Exercise instructions.
Beginning with the line that has "Grâce à 261 panneaux", write out each line down to the end of the records below exactly, and include no pictures.
====== Dataset records ======
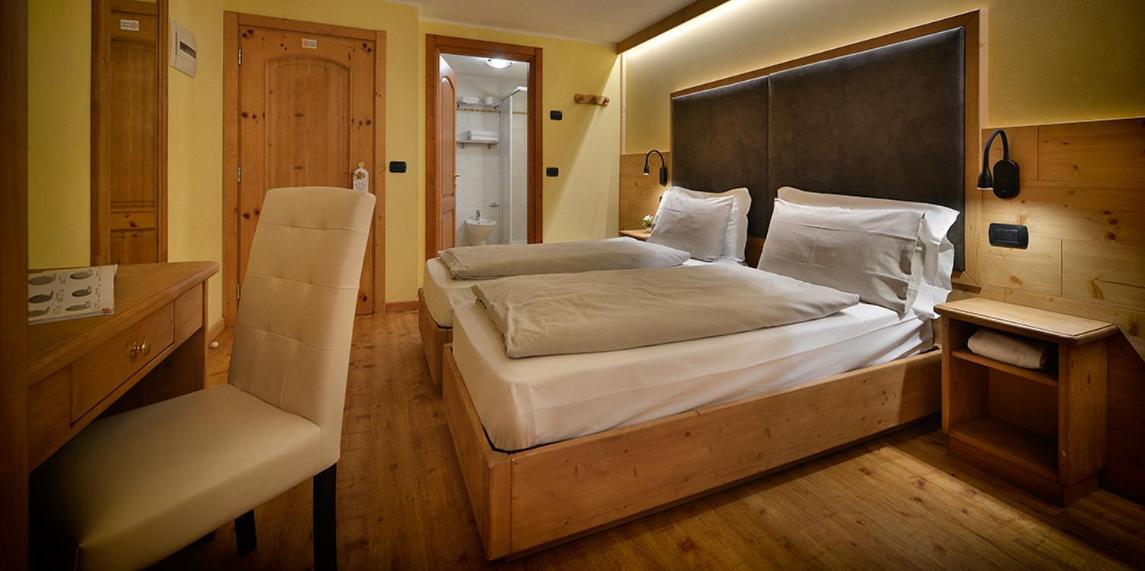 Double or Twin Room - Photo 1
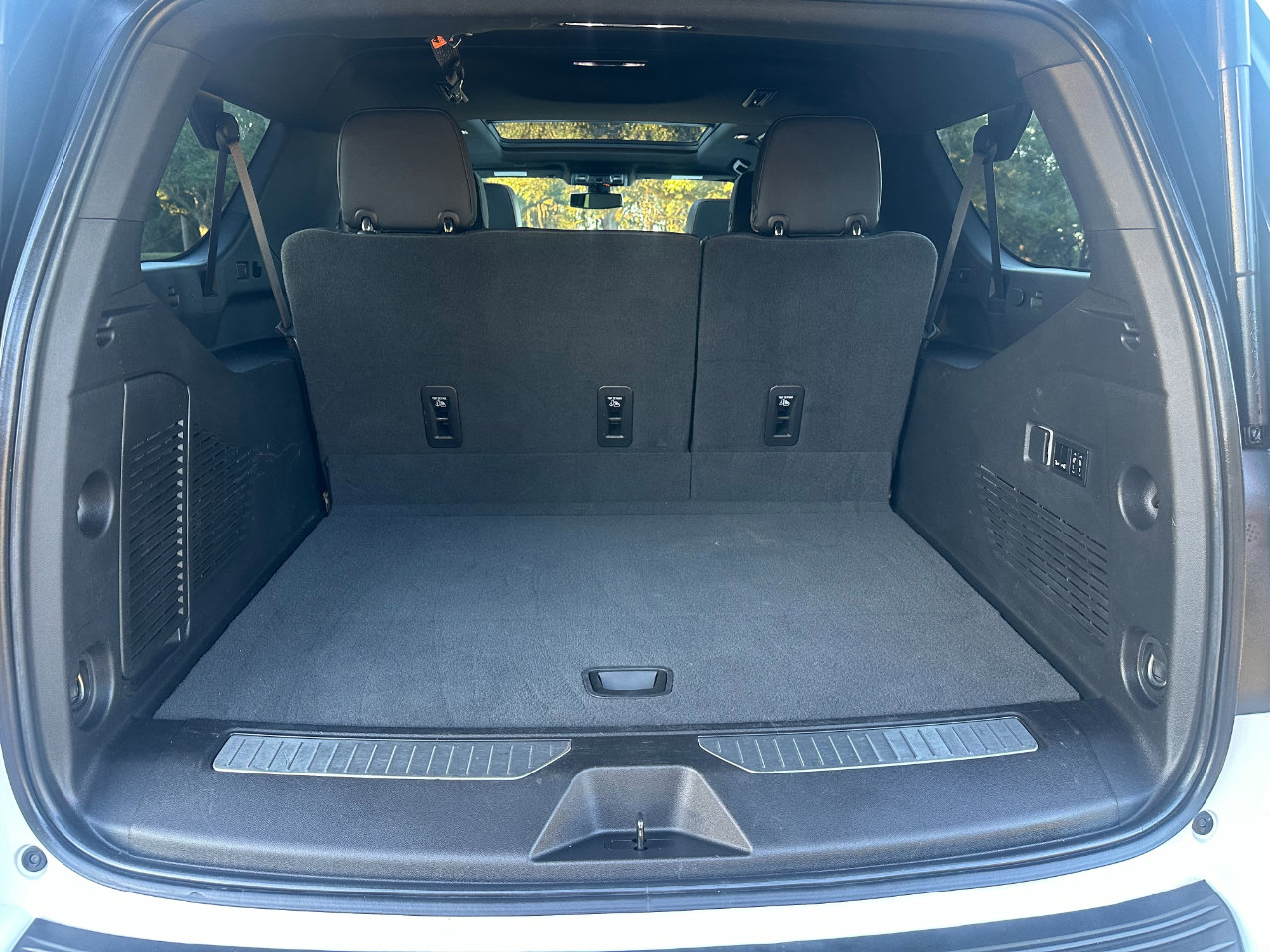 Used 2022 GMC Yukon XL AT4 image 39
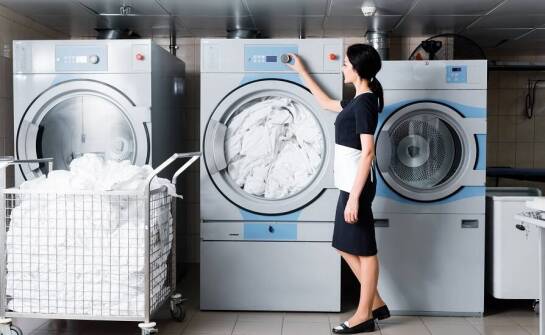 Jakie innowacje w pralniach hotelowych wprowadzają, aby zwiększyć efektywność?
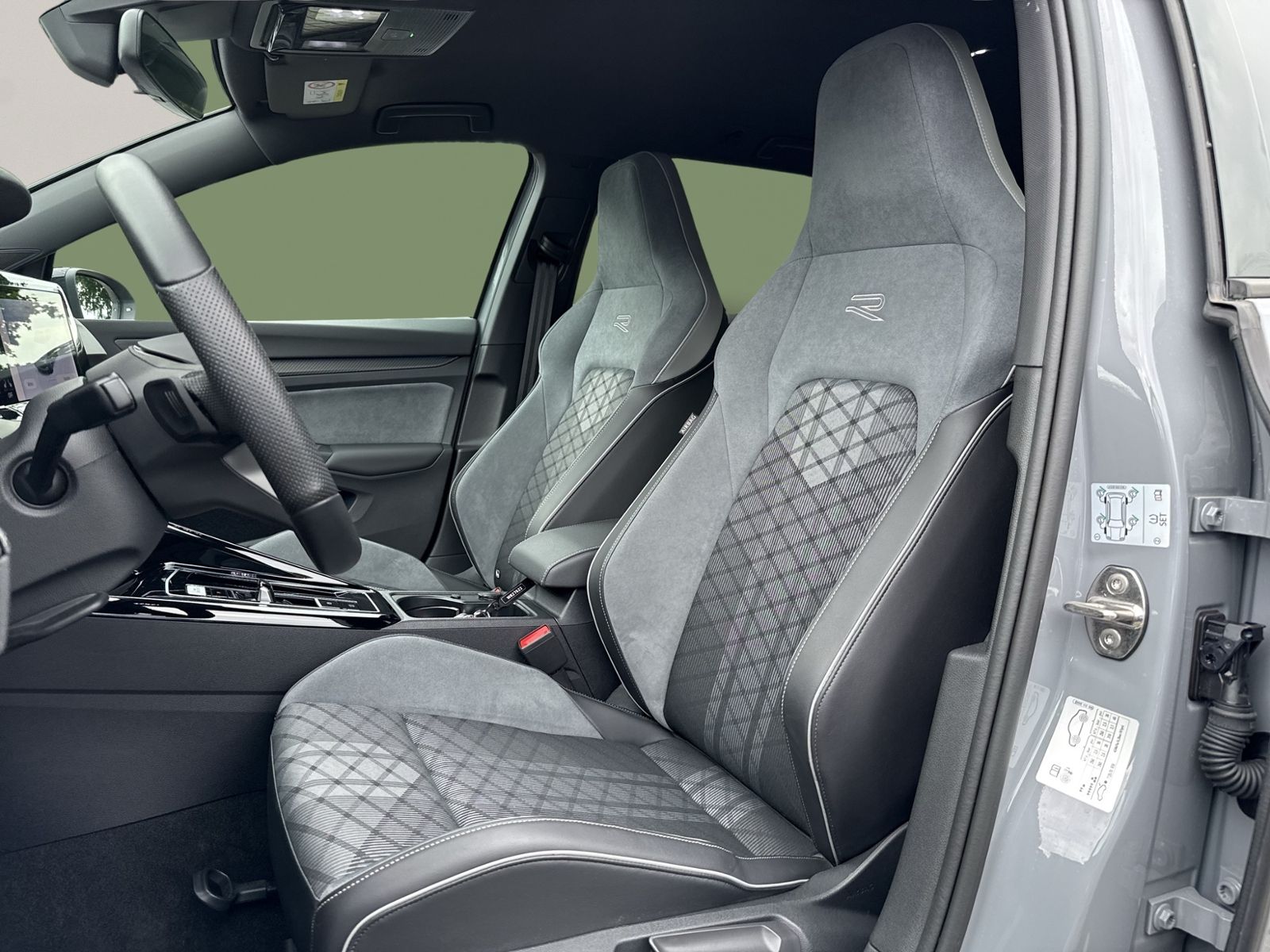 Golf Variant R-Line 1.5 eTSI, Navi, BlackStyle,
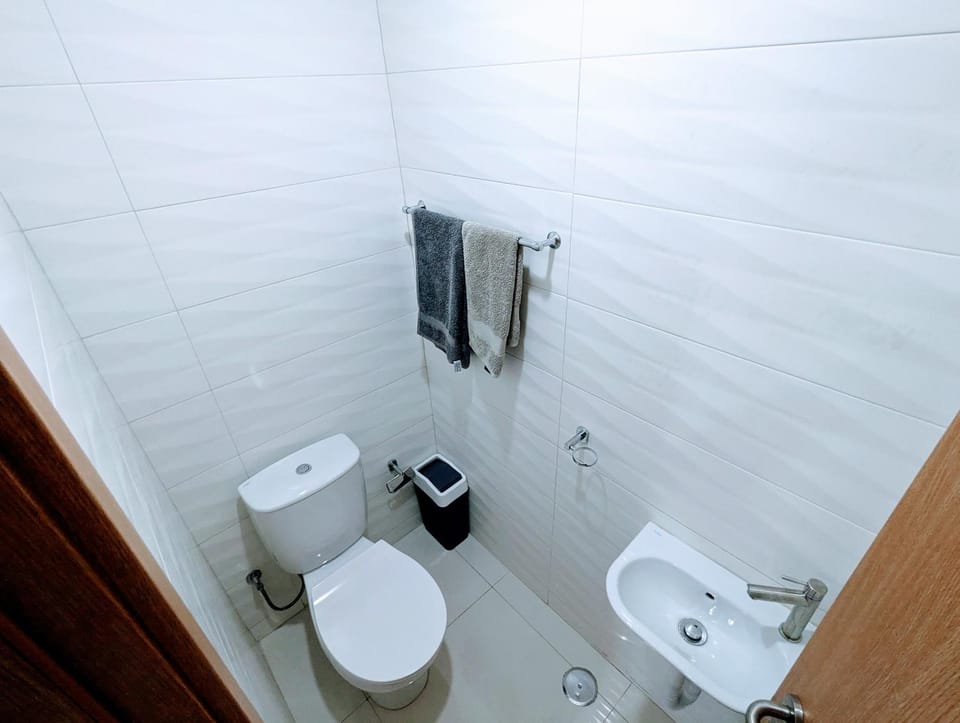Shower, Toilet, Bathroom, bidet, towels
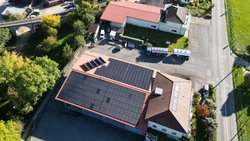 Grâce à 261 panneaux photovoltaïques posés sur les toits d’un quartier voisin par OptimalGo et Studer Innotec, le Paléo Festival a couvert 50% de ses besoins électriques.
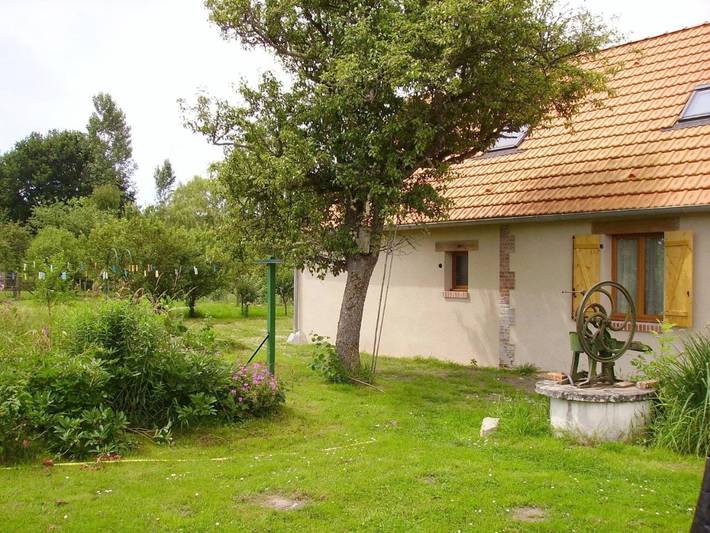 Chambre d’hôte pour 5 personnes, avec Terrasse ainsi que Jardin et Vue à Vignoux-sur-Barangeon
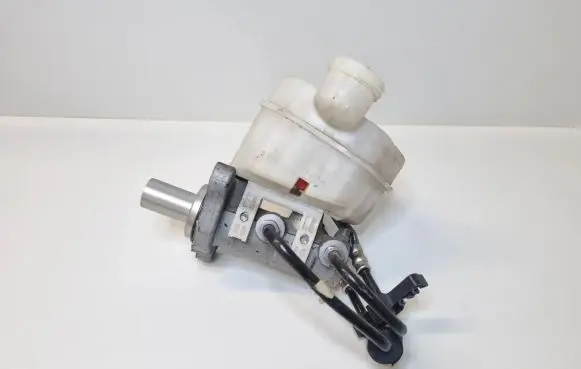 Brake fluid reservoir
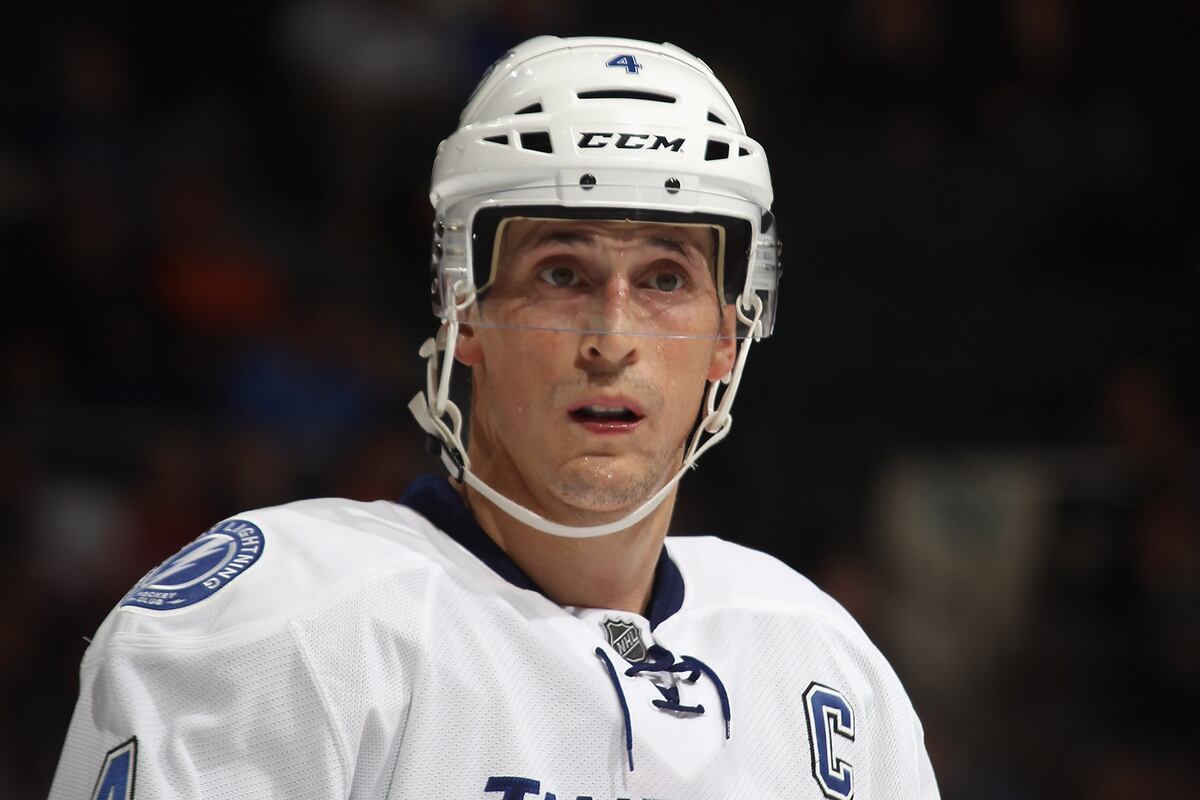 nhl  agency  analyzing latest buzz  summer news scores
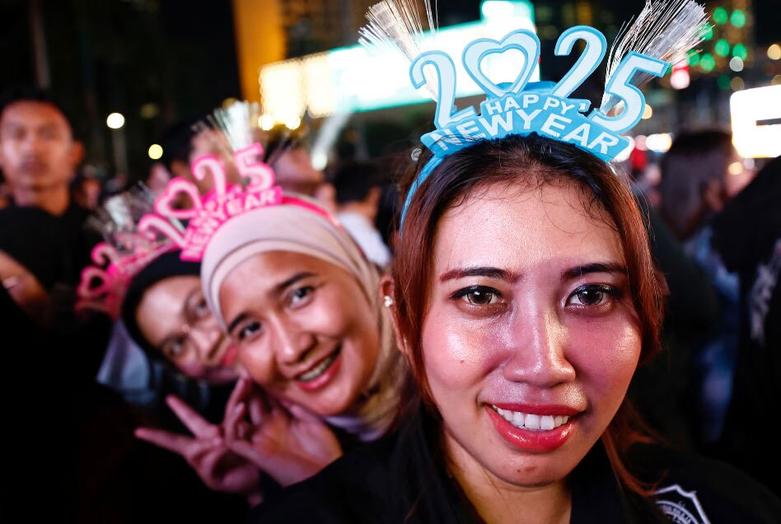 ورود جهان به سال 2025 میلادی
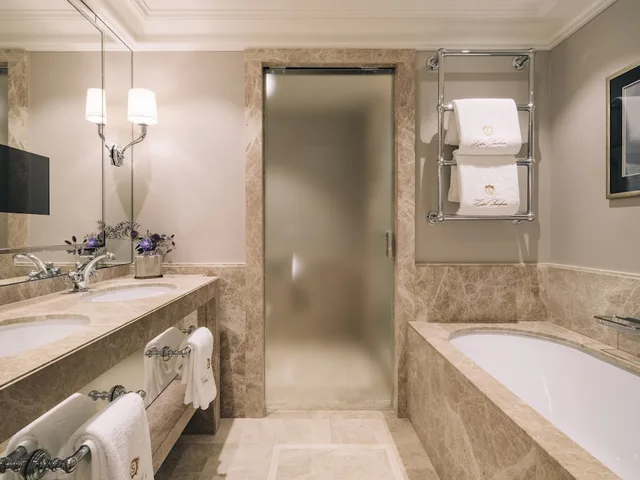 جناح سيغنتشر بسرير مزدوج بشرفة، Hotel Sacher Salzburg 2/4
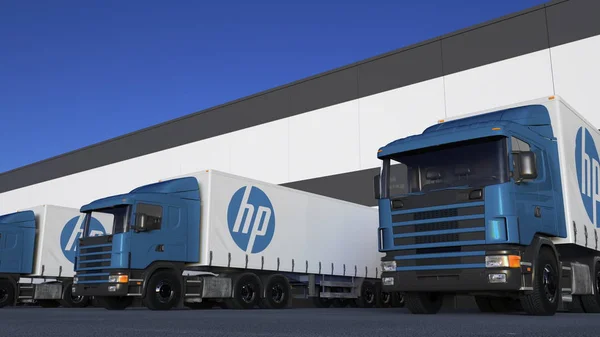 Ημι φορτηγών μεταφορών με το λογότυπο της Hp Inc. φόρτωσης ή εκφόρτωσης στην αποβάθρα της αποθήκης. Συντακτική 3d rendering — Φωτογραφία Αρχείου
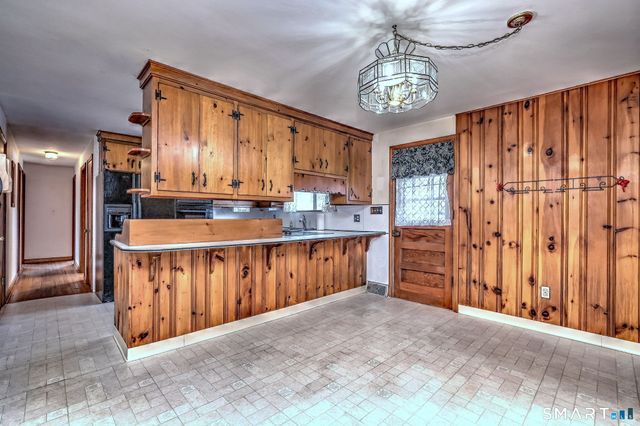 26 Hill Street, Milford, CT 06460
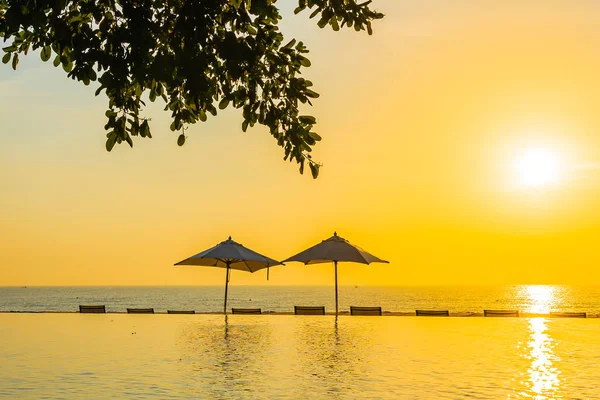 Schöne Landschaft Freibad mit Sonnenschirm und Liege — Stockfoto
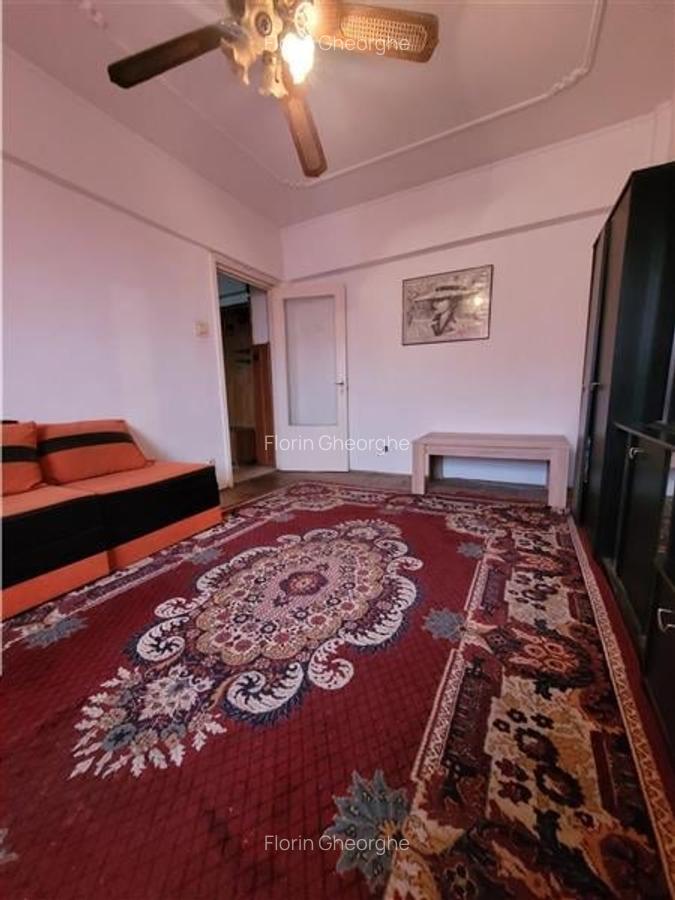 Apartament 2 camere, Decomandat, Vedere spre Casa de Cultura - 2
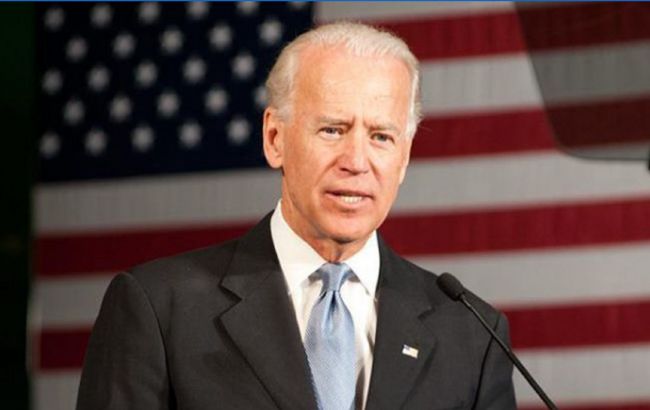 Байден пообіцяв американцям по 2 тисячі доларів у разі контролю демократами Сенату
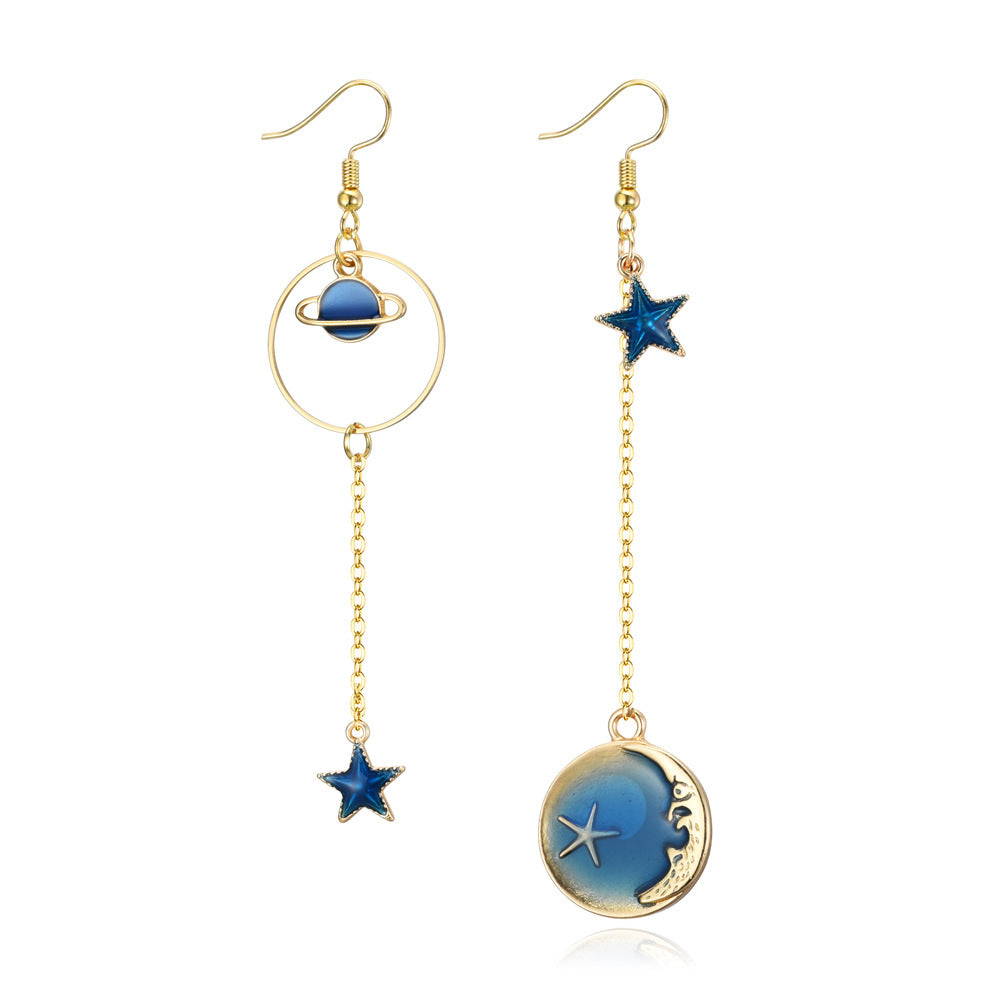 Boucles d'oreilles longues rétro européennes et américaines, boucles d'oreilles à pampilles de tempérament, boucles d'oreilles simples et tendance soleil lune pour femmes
======
Expected output.
 Grâce à 261 panneaux photovoltaïques posés sur les toits d’un quartier voisin par OptimalGo et Studer Innotec, le Paléo Festival a couvert 50% de ses besoins électriques.
 Chambre d’hôte pour 5 personnes, avec Terrasse ainsi que Jardin et Vue à Vignoux-sur-Barangeon
 Brake fluid reservoir
 nhl  agency  analyzing latest buzz  summer news scores
 ورود جهان به سال 2025 میلادی
 جناح سيغنتشر بسرير مزدوج بشرفة، Hotel Sacher Salzburg 2/4
 Ημι φορτηγών μεταφορών με το λογότυπο της Hp Inc. φόρτωσης ή εκφόρτωσης στην αποβάθρα της αποθήκης. Συντακτική 3d rendering — Φωτογραφία Αρχείου
 26 Hill Street, Milford, CT 06460
 Schöne Landschaft Freibad mit Sonnenschirm und Liege — Stockfoto
 Apartament 2 camere, Decomandat, Vedere spre Casa de Cultura - 2
 Байден пообіцяв американцям по 2 тисячі доларів у разі контролю демократами Сенату
 Boucles d'oreilles longues rétro européennes et américaines, boucles d'oreilles à pampilles de tempérament, boucles d'oreilles simples et tendance soleil lune pour femmes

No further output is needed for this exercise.